(fil-fax 08/02/14)
Ils s’appellent Constantin Hansen, Dankvart Dreyer, Jorgen Roed, Lorenz Frolich ou encore Nicolaï Abildgaard. Leurs noms disent probablement peu de choses au public français d’autant que la critique de notre pays ne fut pas tendre à leur égard en leur temps. Ce sont des peintres du siècle d’or de la peinture danoise qui s’étend de l’ère napoléonienne à la Belle époque. Au début de la période, cette peinture connait une dynamique florissante sous l’influence d’artistes comme Abildgaard et Eckersberg qui feront le voyage d’Italie ou de France. L’histoire, la mythologie et la religion constituent comme ailleurs en Europe les principales sources d’inspiration de cette peinture néo-classique. Mais les toiles sont ici transcendées par la lumière nordique, l’omniprésence de la mer et un relief peu vallonné.
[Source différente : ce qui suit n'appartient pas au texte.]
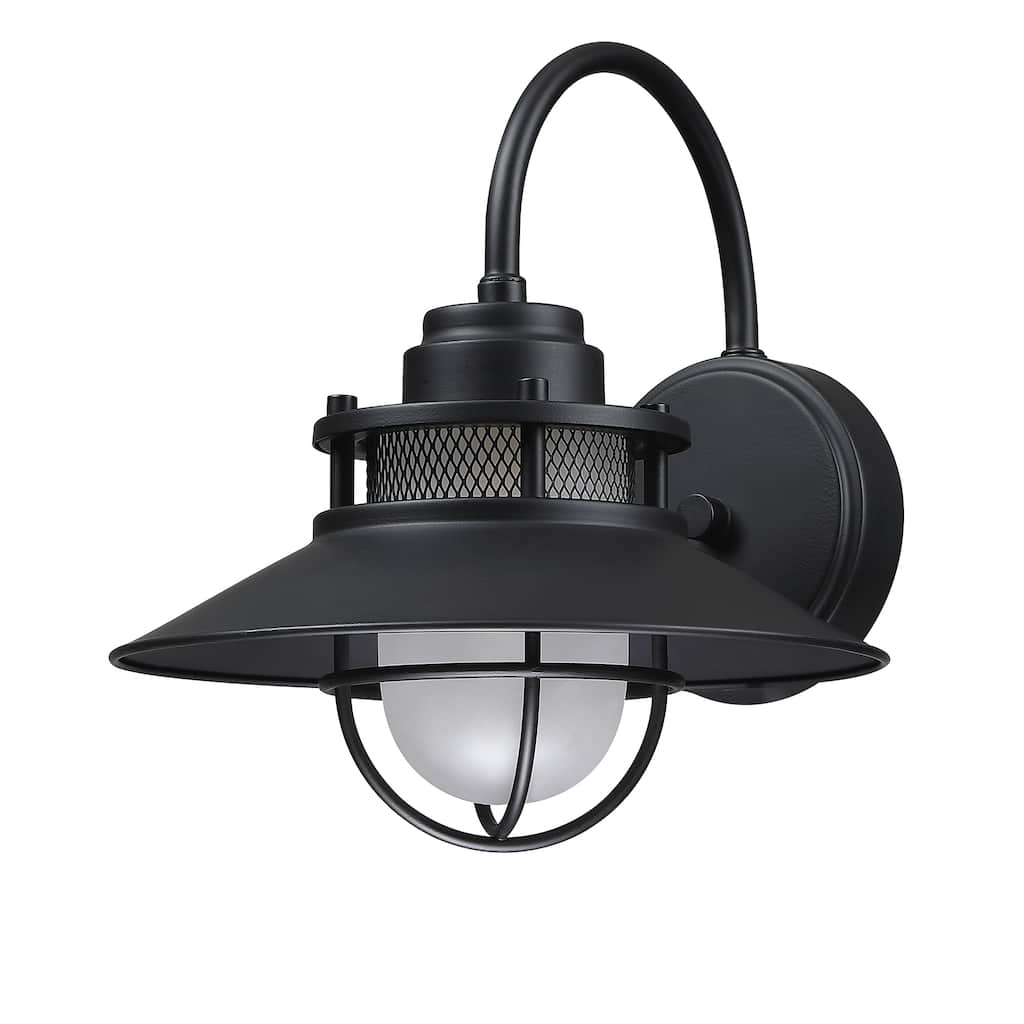 1-Light 11 inches H Matte Black Outdoor Wall Lantern Sconce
Cette période s’achève avec la perte en 1864 des duchés du Schleswig et du Holstein au profit de la Prusse qui s’ajoute à la perte de la Norvège au profit de la Suède au début du XIXème siècle. Le Danemark qui contrôlait un immense territoire de part et d’autre de la Baltique se trouve réduit à cette presqu’île qui nous est familière aujourd’hui. Mais les Danois conçoivent une profonde amertume de cette amputation. C’est l’heure du repli sur soi. « Il s’agit de retrouver à l’intérieur ce qu’on a perdu à l’extérieur », dit Jonathan Lévy, l’un des commissaires de l’exposition. Les étudiants ne sont plus encouragés à étudier en France mais plutôt à s’intéresser à l’âme danoise. Comme dans toutes les époques nationalistes, la terre devient alors le sujet de référence. Se singularisent des peintres comme Christian Dalsgaard (Etude d’intérieur de grenier), Andreas Hunoeus (Jeune paysanne devant un bord de mer) ou encore Thorald Brendstrup (Extérieur de ferme).
Les 200 toiles présentées au Muma après un passage au Musée d’art et d’industrie de Roubaix ont été prêtées par un collectionneur français passionné de ce pays et qui a souhaité rester anonyme. Elles font écho aux collections havraises centrées sur le XIXème et le XXème siècle. « Cela permet de montrer ce que partagent les peintres européens de cette époque comme la découverte de la nature et d’interroger les ressorts d’une collection comme nous l’avons fait avec la donation Senn-Foulds », explique Annette Haudiquet, conservateur du Muma.
• Le siècle d’or de la peinture danoise. Une collection française. Exposition au Musée d’art moderne André Malraux (Muma), du 8 février au 24 mai.